**What you are asked to do**
In the data that follows, find the line with "Farm stay La Palazzina Villa Murlo Italy"; transcribe it, every later line up to the one with "Netgear Nighthawk AC1900", and that line as well, exactly and with no others.

Records drawn from a dataset
>>>>

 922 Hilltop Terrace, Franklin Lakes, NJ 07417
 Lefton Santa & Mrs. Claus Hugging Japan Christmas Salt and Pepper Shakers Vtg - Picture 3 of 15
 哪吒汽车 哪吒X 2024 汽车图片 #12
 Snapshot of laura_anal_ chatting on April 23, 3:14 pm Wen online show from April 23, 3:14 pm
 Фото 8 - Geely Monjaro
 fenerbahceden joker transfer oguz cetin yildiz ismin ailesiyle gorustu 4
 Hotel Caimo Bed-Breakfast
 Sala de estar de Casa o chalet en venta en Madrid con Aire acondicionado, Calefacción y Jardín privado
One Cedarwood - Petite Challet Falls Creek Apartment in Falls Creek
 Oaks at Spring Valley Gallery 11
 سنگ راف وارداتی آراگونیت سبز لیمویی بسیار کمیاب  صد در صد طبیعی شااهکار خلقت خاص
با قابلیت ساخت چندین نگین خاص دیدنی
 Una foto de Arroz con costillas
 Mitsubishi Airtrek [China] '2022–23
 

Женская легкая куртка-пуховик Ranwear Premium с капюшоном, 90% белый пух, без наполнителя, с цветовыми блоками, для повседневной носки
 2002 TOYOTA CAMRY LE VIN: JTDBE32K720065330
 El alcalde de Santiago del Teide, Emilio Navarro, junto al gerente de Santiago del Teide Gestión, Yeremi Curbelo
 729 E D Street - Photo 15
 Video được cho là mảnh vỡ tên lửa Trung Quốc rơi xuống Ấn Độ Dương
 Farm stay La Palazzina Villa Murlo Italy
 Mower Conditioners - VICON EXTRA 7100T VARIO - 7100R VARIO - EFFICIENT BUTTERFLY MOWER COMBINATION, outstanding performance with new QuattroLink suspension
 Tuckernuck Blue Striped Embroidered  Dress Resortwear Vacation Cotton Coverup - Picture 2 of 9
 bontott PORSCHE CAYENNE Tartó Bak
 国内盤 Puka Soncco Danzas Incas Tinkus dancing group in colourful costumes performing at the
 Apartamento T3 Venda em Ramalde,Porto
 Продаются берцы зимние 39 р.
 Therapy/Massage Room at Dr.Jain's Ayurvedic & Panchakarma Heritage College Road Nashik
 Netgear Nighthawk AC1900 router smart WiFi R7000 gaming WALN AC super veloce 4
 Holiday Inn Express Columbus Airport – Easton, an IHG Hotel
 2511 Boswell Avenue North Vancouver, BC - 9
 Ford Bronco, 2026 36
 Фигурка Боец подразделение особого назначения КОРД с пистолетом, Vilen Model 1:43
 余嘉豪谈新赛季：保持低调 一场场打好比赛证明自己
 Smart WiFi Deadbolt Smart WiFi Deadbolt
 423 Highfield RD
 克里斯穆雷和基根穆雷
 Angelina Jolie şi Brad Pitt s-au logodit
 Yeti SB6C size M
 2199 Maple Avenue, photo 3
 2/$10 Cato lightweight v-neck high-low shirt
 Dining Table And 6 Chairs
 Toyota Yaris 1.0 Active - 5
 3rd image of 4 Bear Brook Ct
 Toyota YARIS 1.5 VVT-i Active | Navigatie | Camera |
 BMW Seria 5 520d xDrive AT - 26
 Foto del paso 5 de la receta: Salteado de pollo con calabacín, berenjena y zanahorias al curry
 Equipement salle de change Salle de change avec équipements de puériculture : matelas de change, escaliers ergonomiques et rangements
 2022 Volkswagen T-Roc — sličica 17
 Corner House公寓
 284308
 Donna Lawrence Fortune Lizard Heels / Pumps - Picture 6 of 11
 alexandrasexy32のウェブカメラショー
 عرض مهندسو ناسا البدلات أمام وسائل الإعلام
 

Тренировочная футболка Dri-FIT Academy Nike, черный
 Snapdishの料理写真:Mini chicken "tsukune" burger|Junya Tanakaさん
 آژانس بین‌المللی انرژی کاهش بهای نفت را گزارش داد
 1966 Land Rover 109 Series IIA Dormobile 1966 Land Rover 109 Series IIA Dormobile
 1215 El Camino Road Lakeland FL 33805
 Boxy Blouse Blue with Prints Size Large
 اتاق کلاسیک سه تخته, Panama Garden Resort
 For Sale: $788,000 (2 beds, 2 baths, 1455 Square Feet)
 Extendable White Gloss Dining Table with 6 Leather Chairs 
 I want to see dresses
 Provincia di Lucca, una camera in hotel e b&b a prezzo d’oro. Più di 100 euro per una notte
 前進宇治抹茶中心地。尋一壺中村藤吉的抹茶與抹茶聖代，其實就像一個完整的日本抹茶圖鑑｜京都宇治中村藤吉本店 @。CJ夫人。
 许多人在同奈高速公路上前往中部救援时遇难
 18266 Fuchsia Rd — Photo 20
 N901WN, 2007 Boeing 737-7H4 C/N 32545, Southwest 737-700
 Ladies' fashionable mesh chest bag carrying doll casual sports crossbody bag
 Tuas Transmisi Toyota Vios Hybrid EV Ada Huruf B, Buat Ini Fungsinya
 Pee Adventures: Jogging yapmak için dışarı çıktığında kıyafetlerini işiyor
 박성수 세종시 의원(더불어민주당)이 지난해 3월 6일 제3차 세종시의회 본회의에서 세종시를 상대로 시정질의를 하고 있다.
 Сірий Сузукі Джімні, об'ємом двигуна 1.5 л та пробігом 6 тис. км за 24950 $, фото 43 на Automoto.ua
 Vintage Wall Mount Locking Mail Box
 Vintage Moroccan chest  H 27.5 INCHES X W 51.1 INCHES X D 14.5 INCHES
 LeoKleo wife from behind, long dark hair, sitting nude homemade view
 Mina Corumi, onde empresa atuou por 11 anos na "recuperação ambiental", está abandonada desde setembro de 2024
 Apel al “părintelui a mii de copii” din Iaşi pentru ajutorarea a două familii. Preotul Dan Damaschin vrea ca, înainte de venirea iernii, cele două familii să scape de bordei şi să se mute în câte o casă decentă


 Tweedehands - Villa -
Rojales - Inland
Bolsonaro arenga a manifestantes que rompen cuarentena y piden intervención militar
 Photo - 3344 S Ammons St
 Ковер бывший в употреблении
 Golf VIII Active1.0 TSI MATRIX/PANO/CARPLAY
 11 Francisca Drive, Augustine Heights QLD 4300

<<<<

**Your response**
 Farm stay La Palazzina Villa Murlo Italy
 Mower Conditioners - VICON EXTRA 7100T VARIO - 7100R VARIO - EFFICIENT BUTTERFLY MOWER COMBINATION, outstanding performance with new QuattroLink suspension
 Tuckernuck Blue Striped Embroidered  Dress Resortwear Vacation Cotton Coverup - Picture 2 of 9
 bontott PORSCHE CAYENNE Tartó Bak
 国内盤 Puka Soncco Danzas Incas Tinkus dancing group in colourful costumes performing at the
 Apartamento T3 Venda em Ramalde,Porto
 Продаются берцы зимние 39 р.
 Therapy/Massage Room at Dr.Jain's Ayurvedic & Panchakarma Heritage College Road Nashik
 Netgear Nighthawk AC1900 router smart WiFi R7000 gaming WALN AC super veloce 4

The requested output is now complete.